*Required work*:
Every line of the listing below must be printed again exactly, apart from its pictures.

*Data provided*:
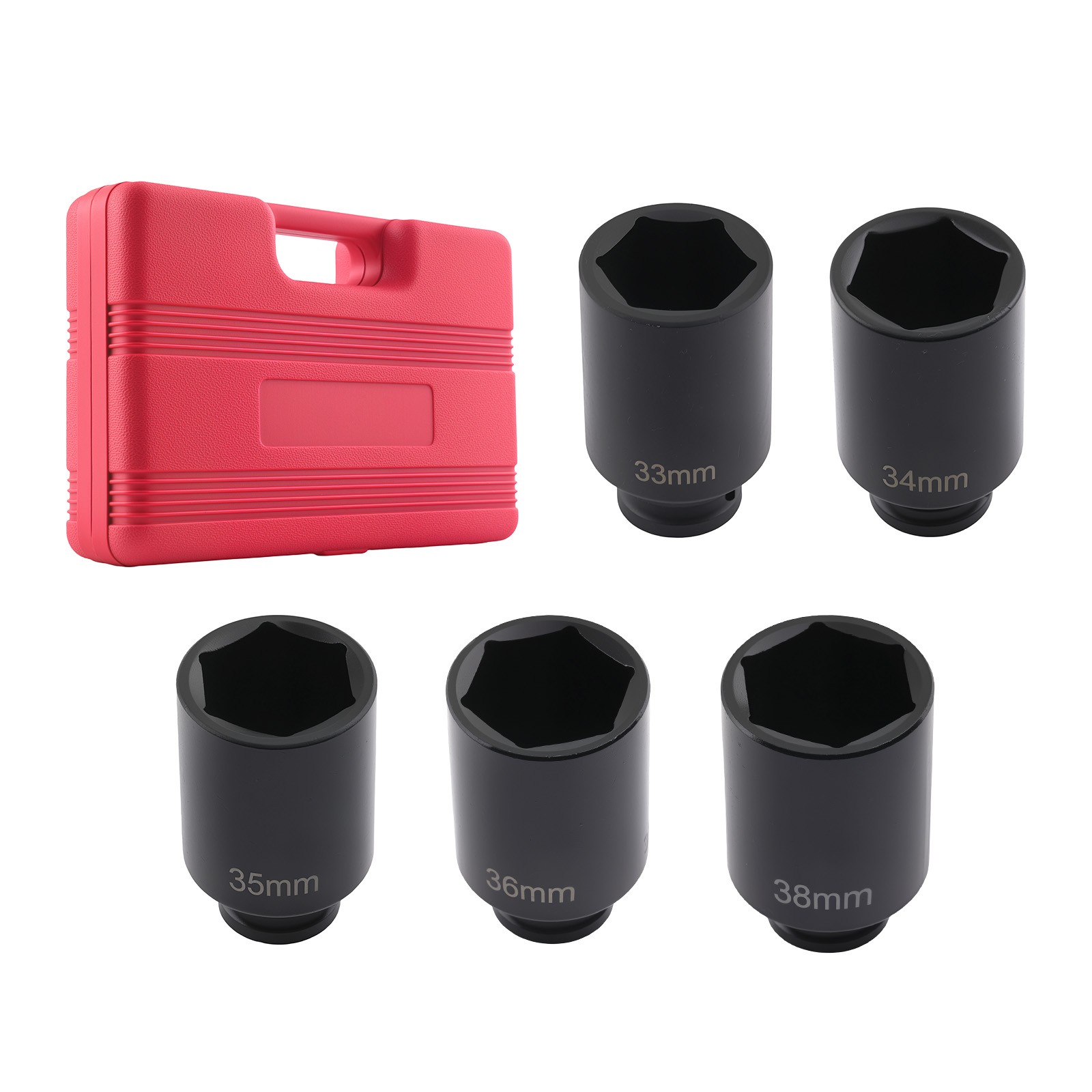 5pc 33mm-34-35-36-38mm 1/2'' Drive 6 Point Deep Spindle Axle Nut Socket Set Tool
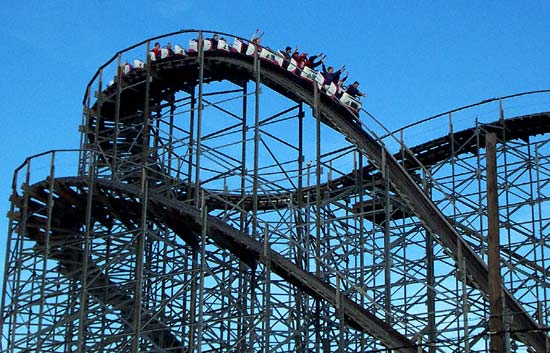 Twisted Twins (formerly Sisters) Rollercoaster during Frightfest at Six Flags Kentucky Kingdom, Louisville, KY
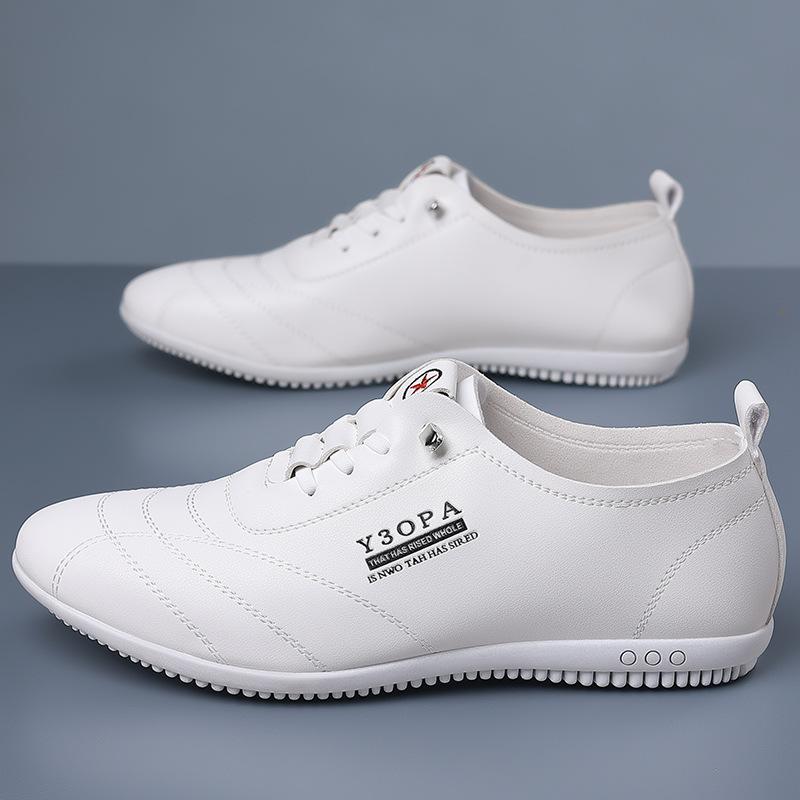 2024 летние дышащие лоферы на одной педали, мужские легкие и тонкие кожаные мягкие повседневные кожаные туфли, нескользящие туфли на плоской подошве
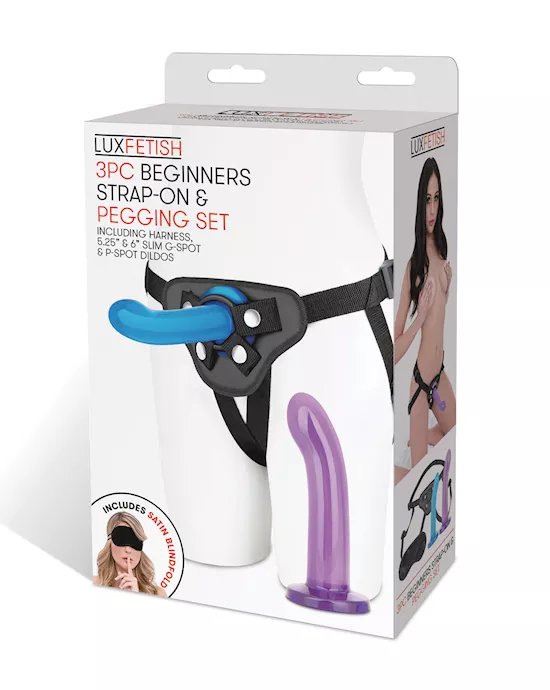 Lux Fetish 3 pc Beginners Strap On & Pegging Set - Multi Color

*Exercise output*:
 5pc 33mm-34-35-36-38mm 1/2'' Drive 6 Point Deep Spindle Axle Nut Socket Set Tool
 Twisted Twins (formerly Sisters) Rollercoaster during Frightfest at Six Flags Kentucky Kingdom, Louisville, KY
 2024 летние дышащие лоферы на одной педали, мужские легкие и тонкие кожаные мягкие повседневные кожаные туфли, нескользящие туфли на плоской подошве
 Lux Fetish 3 pc Beginners Strap On & Pegging Set - Multi Color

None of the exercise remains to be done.